Consequência desse contato foi a grande presença chinesa no arquipélago. Com as frotas anuais, mais chineses passavam a residir no arquipélago. Estes foram chamados pelos espanhóis de sangleyes. Tal população foi essencial para Manila, não só pelo abastecimento que proviam anualmente, mas também por alimentar as rendas municipais com o aluguéis, taxas e licenças. [García-Abásolo González, 2008] Em suas lojas e oficinas, os sangleyes ofereciam à comunidade serviços diversos: chapeleiros, sapateiros,  alfaiates, carpinteiros, pedreiros etc. O jesuíta Pedro Chirino [1890, p. 18] afirmou que os chineses eram “todo el servicio de la republica”.

Em 1571, quando da conquista de Manila, cerca de 40 chineses residiam na região. Um informe de 1586 alertava que os sangleyes eram mais de 10 mil. Vinte anos depois a população sangleye era próxima de 25 mil pessoas, o que superava em muito os cerca de mil hispânicos estabelecidos no arquipélago. [García-Abásolo González, 2004]

Apesar de importantes, havia certa desconfiança, o que fez o governo castelhano nas ilhas adotar algumas medidas de controle. Em 1580, por influência dos agostinianos, o governo Gonzalo Ronquillo de Peñalosa ordenou a criação do Parián em Manila, bairro específico para os chineses, nos quais teriam suas casas, lojas e ficariam sob jurisdição de alcaide. [AGI, Fil., 84, 24] Nem todos os sangleyes viviam no Parián. Havia, nas áreas rurais, pescadores, criadores de gado e agricultores. Os que se convertiam ao cristianismo poderiam residir em qualquer lugar.

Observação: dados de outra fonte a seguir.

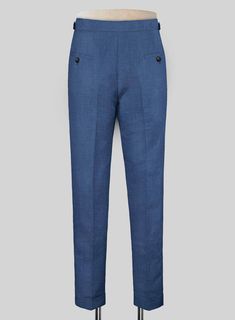 Our Indigo Mid Blue Pure Linen Trousers are a seasonless and a versatile staple that will last a lifetime. Made from pure linen in 40s Lea, the pants are cool to wear and a performance piece, it has pretty much the perfect fabric not only for the summer months but the rest of the year too. The pants combine style and practicality whether you're wearing them for work or a wedding.    Look Includes      Indigo Mid Blue  Pure Linen Fabric  Cross Pocket  Forward 2 Pleats  Side Tabs (No Loops)- Arro Classic Tapered Leg Bottoms In Flax Color, Classic Linen Dress Pants For Business, Classic Tapered Leg Flax Bottoms, Tapered Leg Flax Pants For Work, Flax Tapered Leg Pants For Work, Classic Linen Bottoms With Straight Hem, Classic Linen Straight Dress Pants, Tailored Classic Linen Dress Pants, Tailored Linen Dress Pants With Tapered Leg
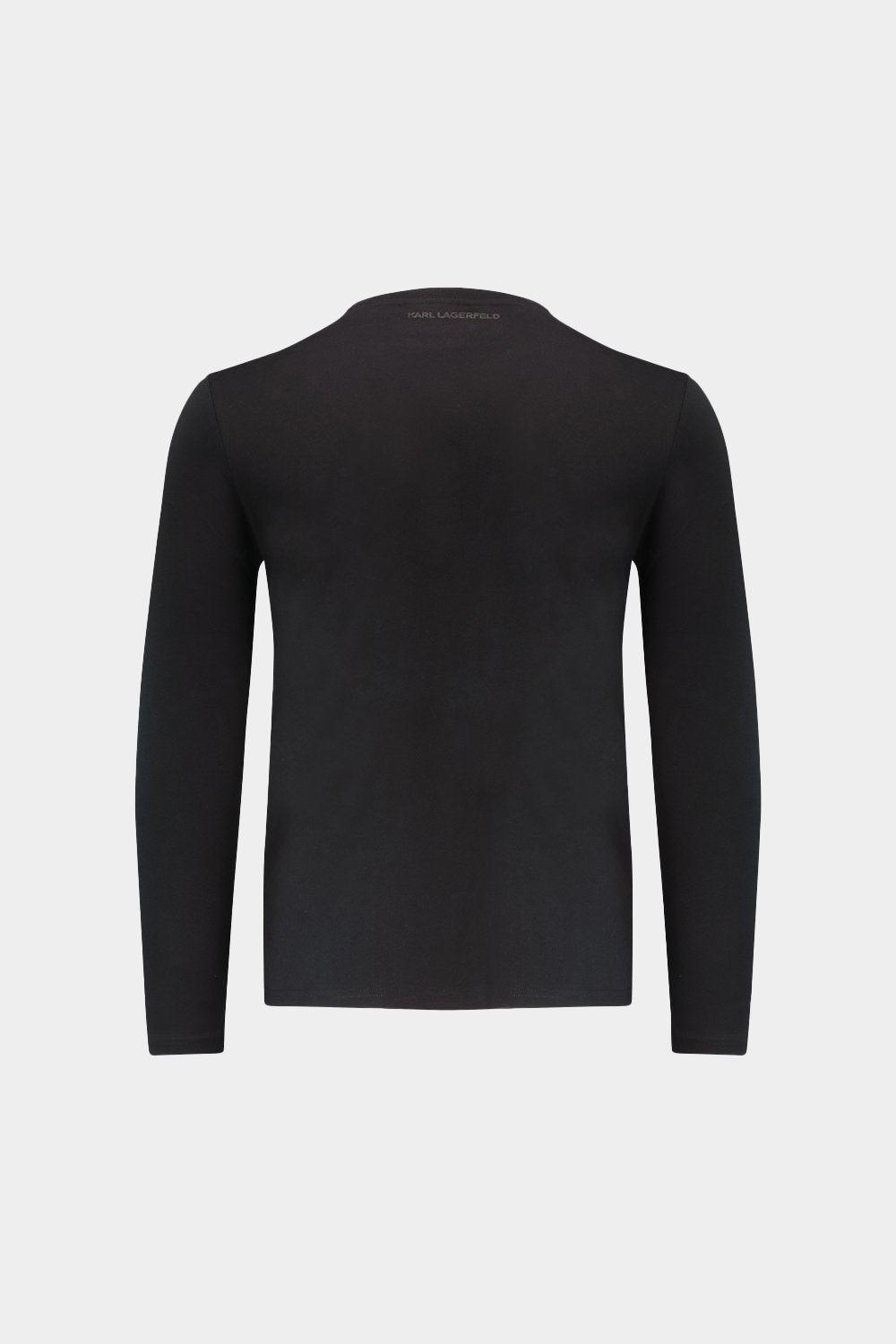 חולצת טי שירט שרוול ארוך לגברים לוגו ארוג ענק KARL LAGERFELD Vendome online | ונדום .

Se por um lado a presença chinesa foi alavancada pela colonização espanhola, por outro, os povos nativos sofreram com grande declínio demográfico a partir de 1565. Os dados propostos pela geógrafa Linda Newson confirmam que a entrada dos espanhóis nas ilhas provocou mudanças drásticas. Em 1565, a população das regiões de Luzón e Visayas – o que exclui Mindanao, que estava sob controle dos muçulmanos – seria de aproximadamente 1,6 milhão de pessoas. Passados 35 anos de presença espanhola no arquipélago, esse número teria caído para cerca de 1 milhão de pessoas, uma queda de 36%. Nas áreas com maior presença colonial essa queda beirou os 45%. Diferente da América, as doenças e epidemias não foram as principais causas desse declínio populacional, mas sim a ação colonial propriamente dita. [Newson, 2009]

A população das ilhas Visayas vivia, em geral, em pequenos grupos populacionais, chefiados por um dato, líder hereditário, mas que tinha seu poder legitimado também por seu carisma, poder militar e riqueza. Esses dois últimos estavam diretamente relacionados ao número de dependentes e escravos sujeitos ao dato.

Como o poder estava ligado à riqueza, as famílias tendiam a ser pequenas, para não dividir a herança em muitas partes (pois deveria ser dividida igualmente entre os herdeiros). Segundo o relato de Miguel de Loarca, não havia pobreza entre os pintados (forma como os espanhóis chamavam os cebuanos, por conta de suas tatuagens), pois eram acolhidos pelos ricos. Muitos sujeitavam-se a modalidades de escravidão para serem sustentados pelo dato. [AGI, Patronato, 23, 9] Portanto, nota-se que a escravidão vai muito além de uma situação de exploração do trabalho, era um meio de afirmação e social política. Era uma obrigação do dato acolher, sustentar e defender não só os escravos, mas também os livres, os timaguas.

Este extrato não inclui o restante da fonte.